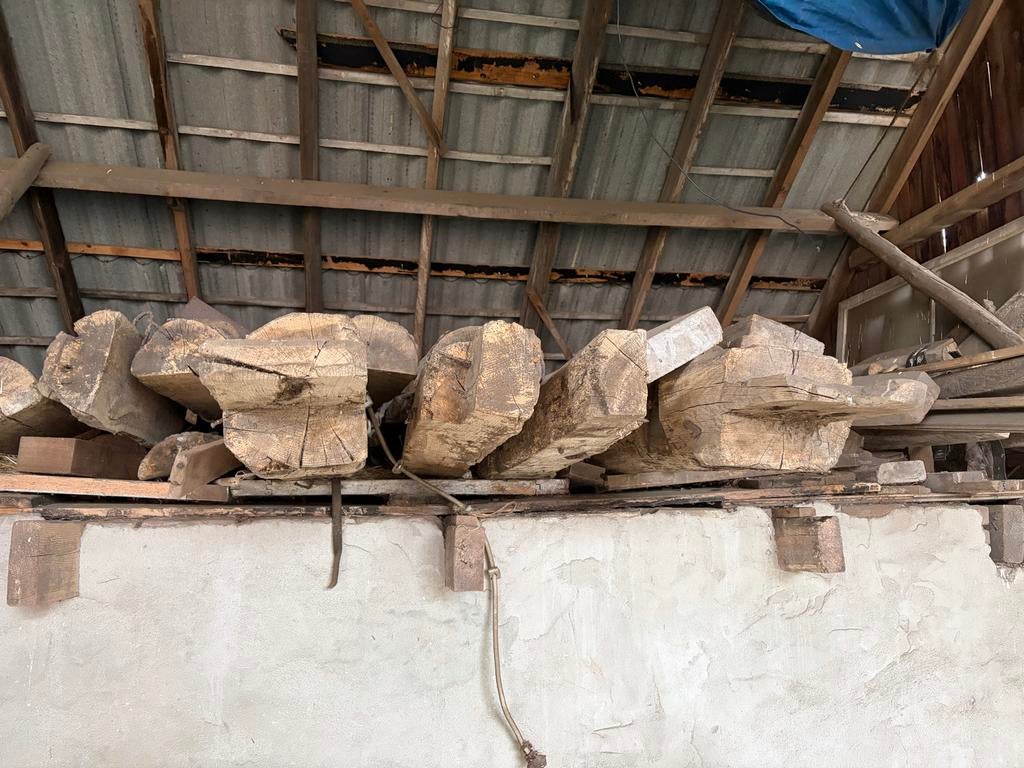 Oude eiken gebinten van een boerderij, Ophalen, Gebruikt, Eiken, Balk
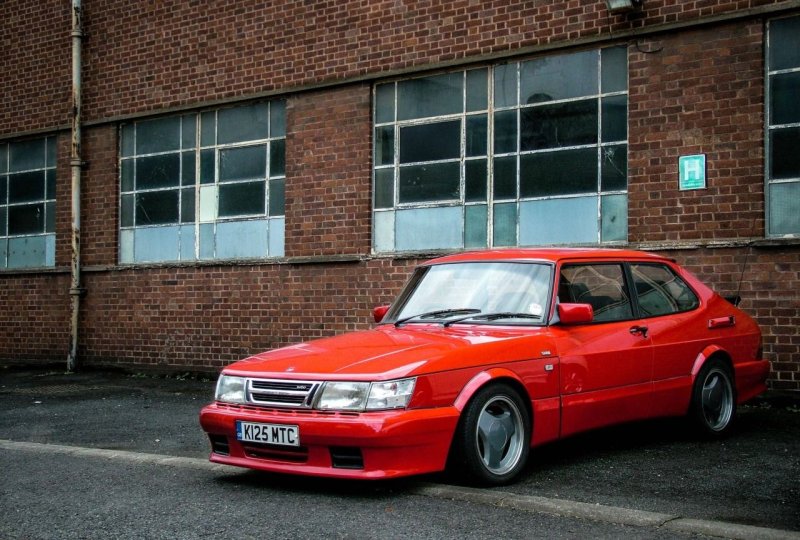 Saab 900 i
...
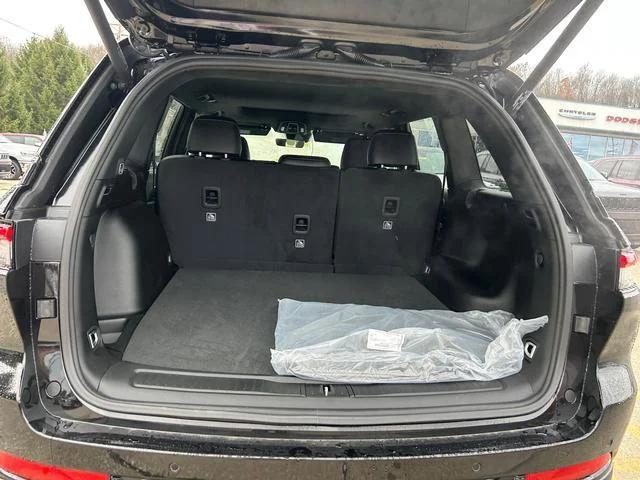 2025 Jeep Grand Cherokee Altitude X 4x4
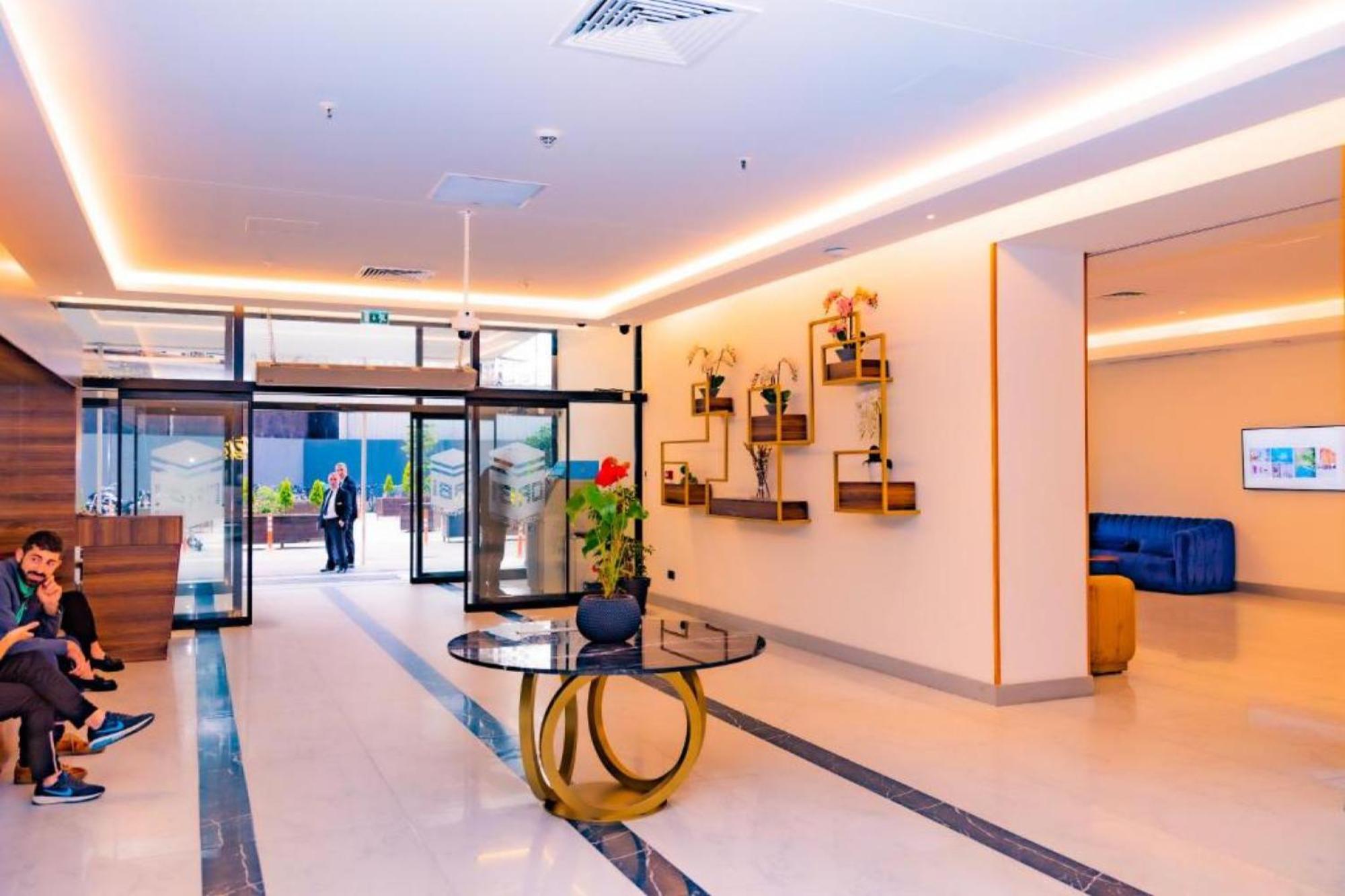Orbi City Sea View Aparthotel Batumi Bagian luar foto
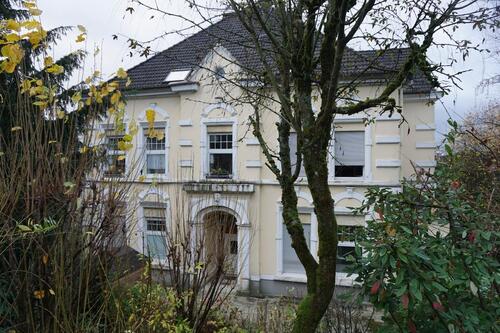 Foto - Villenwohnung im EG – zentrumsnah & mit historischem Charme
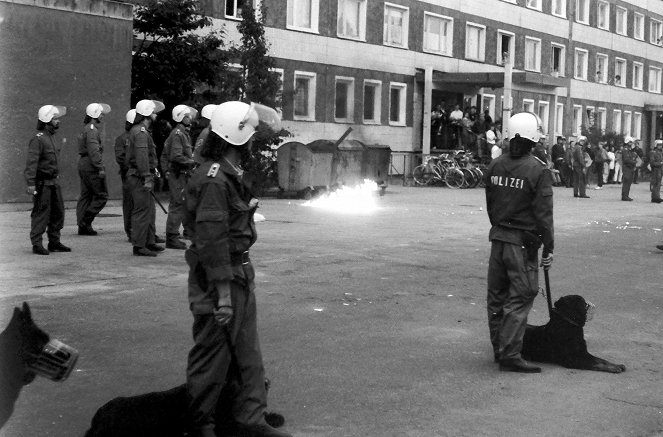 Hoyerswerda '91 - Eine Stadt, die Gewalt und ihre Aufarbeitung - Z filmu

Task description: Print everything from the line with "2025 Jeep Grand Cherokee Altitude X 4x4" down to the line with "Hoyerswerda '91 - Eine" in the entries above, both lines included and nothing more, without the pictures.

Solution for this problem:
 2025 Jeep Grand Cherokee Altitude X 4x4
Orbi City Sea View Aparthotel Batumi Bagian luar foto
 Foto - Villenwohnung im EG – zentrumsnah & mit historischem Charme
 Hoyerswerda '91 - Eine Stadt, die Gewalt und ihre Aufarbeitung - Z filmu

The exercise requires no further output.